Learn what anycast is, how it differs from unicast and multicast, how BGP makes it work, and why DNS, CDNs, and DDoS protection all rely on it.

Introduction

Here's a strange idea: what if the same IP address existed in London, Singapore, and São Paulo at the same time — and every user on Earth reached the closest copy without anyone configuring anything?

That's not science fiction. It's called anycast, and it's the quiet trick behind the DNS root servers, the world's largest content delivery networks, and the edge infrastructure that keeps services close to users.

Most people have never heard of anycast, yet they use it dozens of times a day — every time a DNS lookup resolves in milliseconds, or a video starts without buffering from a server on another continent.

If you've read BGP Basics, you know that networks advertise prefixes to each other. Anycast is what happens when the same prefix is advertised from many places at once. This guide unpacks how that simple idea produces enormous reach.

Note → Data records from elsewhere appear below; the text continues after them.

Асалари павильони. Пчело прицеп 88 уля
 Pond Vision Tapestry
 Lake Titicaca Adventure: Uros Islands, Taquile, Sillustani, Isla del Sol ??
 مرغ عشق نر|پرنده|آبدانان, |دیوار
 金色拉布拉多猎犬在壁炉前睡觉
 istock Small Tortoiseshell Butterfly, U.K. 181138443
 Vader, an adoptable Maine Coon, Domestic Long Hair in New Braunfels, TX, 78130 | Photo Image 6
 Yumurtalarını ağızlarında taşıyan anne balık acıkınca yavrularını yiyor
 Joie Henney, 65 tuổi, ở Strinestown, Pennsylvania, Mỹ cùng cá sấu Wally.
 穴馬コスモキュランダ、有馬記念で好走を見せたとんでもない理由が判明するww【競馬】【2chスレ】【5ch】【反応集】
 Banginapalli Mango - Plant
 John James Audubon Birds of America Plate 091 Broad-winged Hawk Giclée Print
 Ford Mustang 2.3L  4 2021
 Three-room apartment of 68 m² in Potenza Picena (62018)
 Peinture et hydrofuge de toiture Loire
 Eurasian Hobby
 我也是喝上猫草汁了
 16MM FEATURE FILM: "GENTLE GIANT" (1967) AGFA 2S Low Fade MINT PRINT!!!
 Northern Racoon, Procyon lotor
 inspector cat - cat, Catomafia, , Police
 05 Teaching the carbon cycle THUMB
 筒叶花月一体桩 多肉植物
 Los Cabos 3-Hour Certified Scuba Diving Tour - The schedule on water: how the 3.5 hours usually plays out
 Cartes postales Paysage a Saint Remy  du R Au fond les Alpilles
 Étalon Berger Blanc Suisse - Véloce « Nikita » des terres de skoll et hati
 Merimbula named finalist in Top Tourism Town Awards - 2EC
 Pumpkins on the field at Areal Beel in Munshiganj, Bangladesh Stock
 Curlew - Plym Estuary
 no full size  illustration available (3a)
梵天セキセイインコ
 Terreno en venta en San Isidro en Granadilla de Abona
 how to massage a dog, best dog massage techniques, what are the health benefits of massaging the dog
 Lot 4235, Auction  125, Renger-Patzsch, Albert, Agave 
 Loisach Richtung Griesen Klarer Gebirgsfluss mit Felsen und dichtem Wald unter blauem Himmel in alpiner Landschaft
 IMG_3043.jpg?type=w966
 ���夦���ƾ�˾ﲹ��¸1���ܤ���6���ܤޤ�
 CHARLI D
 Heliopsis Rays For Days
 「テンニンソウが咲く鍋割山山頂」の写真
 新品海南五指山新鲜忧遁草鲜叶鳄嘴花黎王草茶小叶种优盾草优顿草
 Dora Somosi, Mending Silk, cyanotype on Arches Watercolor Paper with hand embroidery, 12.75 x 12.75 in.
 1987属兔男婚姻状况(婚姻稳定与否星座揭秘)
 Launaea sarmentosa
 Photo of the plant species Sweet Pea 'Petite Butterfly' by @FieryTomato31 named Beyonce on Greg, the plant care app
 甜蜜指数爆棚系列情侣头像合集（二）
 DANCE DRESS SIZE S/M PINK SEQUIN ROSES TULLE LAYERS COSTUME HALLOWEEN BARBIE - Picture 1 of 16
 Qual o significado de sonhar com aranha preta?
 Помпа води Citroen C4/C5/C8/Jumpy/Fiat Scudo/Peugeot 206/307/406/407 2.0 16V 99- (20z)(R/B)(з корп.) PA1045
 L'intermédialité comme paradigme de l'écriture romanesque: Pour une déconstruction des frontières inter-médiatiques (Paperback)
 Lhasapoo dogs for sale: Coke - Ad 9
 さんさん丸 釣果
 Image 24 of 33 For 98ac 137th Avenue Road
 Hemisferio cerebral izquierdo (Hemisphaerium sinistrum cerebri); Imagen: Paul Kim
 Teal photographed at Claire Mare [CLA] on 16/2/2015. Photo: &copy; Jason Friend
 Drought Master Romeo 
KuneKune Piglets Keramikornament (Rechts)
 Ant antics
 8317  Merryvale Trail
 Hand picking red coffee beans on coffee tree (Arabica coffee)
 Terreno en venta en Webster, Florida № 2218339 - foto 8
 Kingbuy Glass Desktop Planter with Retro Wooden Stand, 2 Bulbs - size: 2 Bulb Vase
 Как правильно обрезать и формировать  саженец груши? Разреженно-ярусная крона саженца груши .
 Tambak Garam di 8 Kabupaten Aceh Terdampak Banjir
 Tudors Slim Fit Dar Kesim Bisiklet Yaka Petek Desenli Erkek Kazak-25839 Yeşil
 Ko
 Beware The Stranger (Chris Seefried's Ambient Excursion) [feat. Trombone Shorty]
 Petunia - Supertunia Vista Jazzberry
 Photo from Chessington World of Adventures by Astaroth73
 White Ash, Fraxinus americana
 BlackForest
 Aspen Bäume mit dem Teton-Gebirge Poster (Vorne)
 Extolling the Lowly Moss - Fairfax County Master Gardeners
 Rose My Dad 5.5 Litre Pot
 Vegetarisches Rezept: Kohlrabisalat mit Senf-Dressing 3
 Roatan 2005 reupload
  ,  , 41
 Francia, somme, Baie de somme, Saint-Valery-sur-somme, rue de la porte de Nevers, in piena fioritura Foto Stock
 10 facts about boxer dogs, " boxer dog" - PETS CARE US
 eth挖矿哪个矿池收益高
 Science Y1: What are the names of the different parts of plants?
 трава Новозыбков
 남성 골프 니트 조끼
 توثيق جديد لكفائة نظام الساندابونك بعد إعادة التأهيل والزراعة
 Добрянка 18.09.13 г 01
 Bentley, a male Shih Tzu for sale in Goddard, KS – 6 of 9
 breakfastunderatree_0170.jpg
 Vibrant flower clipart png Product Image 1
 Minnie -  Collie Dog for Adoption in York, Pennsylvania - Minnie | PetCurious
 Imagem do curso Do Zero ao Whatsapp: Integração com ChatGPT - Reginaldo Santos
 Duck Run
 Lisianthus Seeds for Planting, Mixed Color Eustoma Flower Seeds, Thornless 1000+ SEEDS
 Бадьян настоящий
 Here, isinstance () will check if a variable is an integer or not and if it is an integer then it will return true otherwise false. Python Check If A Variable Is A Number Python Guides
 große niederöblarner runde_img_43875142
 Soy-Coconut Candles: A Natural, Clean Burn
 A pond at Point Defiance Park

Unicast, Multicast, Broadcast, Anycast

To appreciate anycast, it helps to see it next to its siblings. These four addressing methods cover every way a packet can find its destination on a network — each built for a different job.

Addressing Methods Compared

Method Sender → Receiver Scope Used on the Internet? Example
Unicast One → One Global Yes — most traffic Loading a webpage, sending an email
Broadcast One → All on segment Local network only No (blocked by routers) ARP requests, DHCP discovery
Multicast One → Subscribed group Can span networks Limited (needs ISP support) IPTV, stock ticker feeds
Anycast One → Nearest of many Global via BGP Yes — DNS, CDNs, DDoS 8.8.8.8, Cloudflare 1.1.1.1, DNS root servers

The mental model: unicast is calling one person's phone. Anycast is calling a support line where the closest available agent always picks up, and you never know (or care) which one it is.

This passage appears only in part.